Toutefois, les cyberattaques ciblées sont vouées à se multiplier. "Il y aura, dans un futur proche, de plus en plus de cyberattaques, de plus en plus importantes, et de plus en plus sophistiquées", estime François-Bernard Huygue, chercheur à l'Iris et spécialiste de cyberstratégie, contacté par BFMTV.com. "Certaines sont menées par des Etats, de manière discrète et anonyme. D'autres par des groupes terroristes ou activistes, qui les revendiquent clairement". 

> La France est-elle vulnérable sur le plan informatique?

"Tout pays, toute organisation, toute entreprise, tout système d'information, tout système industriel, tout réseau de télécommunications est vulnérable, sur un plan technique, humain, et organisationnel", fait valoir Charles Préaux, qui a travaillé pendant trente ans au sein du département cyberdéfense du ministère de la Défense. "Imaginer une sorte de tour de Babel invulnérable tient du fantasme. La seule solution pour ne plus être vulnérable consisterait à ne plus être connecté. Or, qui peut prétendre, à l'heure actuelle, vivre dans un monde non connecté?", interroge-t-il.

L'attaque contre TV5Monde, bien que massive, reste pour l'heure ponctuelle et spontanée. Mais elle pose la question de la récidive. "Ces pirates peuvent très bien, dès demain, dans une autre action ponctuelle, attaquer le système bancaire français ou les feux rouges de Paris", pointe François-Bernard Huygue, pour qui ce risque est réel, malgré les systèmes de protection hautement sophistiqués mis en place, notamment par les grandes banques françaises.

> Comment la France se défend-elle face à cette cybermenace?

Si les entreprises privées assurent elles-mêmes la sécurité de leurs systèmes d'information, des organisations publiques, et notamment l'Anssi, l'Agence nationale de la sécurité des systèmes d'information, une entité interministérielle qui dépend de Matignon, et le Calid, le Centre d'analyse de lutte informatique défensive, une cellule du ministère de la Défense, se chargent de protéger les institutions et infrastructures étatiques, et disposent d'une "armée" de plusieurs centaines d'informaticiens. Objectif principal: prévenir toute contrainte exercée sur la France par une puissance étrangère ou une organisation terroriste, qui passerait par le sabotage du réseau électrique, des hôpitaux, des transports, ou par la paralysie de tout autre service public d'importance vitale.

"La France est loin d'être le plus mauvais pays du monde en matière de cyberdéfense", souligne François-Bernard Huygue. "La tâche est très difficile parce qu'il y a des cibles partout, et elle nécessite de la compétence technique, des ingénieurs, et une bonne coopération entre les entreprises et les services d'Etat.

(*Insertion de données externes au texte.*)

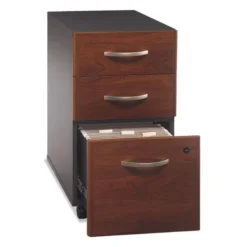 Bush Business Furniture Series C: Hansen Cherry 3 Drawer Mobile Pedestal - Assembled
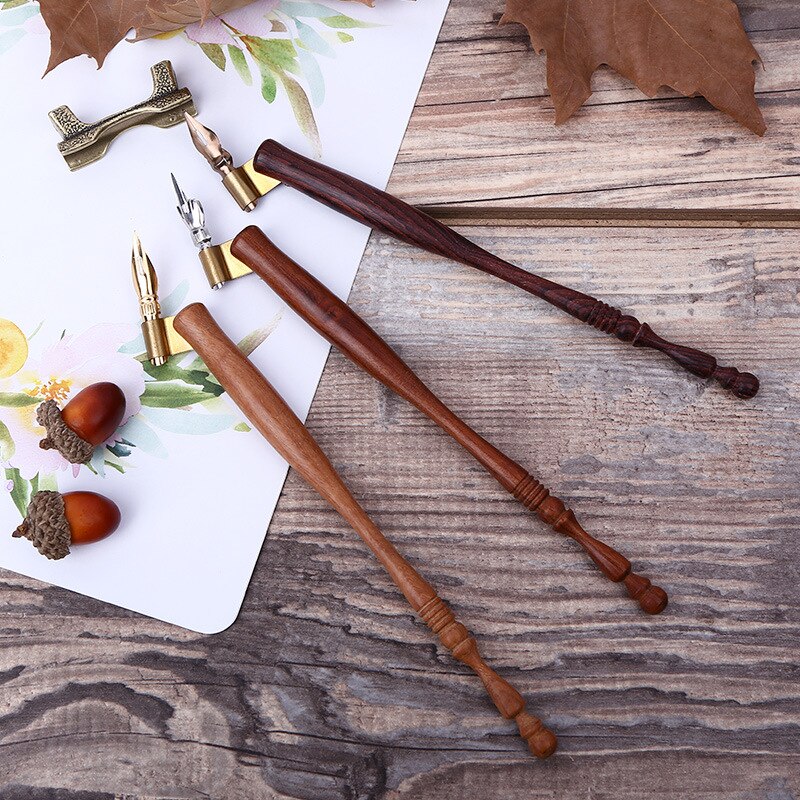 1Pc Kalligrafie Pen Houder Schuine/Rechte Engels Script Antieke Effen Kleur Hout Dip Pen Houder: Oblique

Mais la France a pris conscience du problème depuis quelques années déjà, et les deux derniers Livres blancs sur la Défense, de 2008 et 2013, placent la cyberdéfense, et en particulier la question des systèmes d'information, au cœur des priorités de la sécurité du pays".

Le ministre de l'Intérieur Bernard Cazeneuve a par ailleurs annoncé ce jeudi matin le renforcement des moyens de lutte contre le problème spécifique du cyberjihadisme, dans le cadre de la loi sur le renseignement.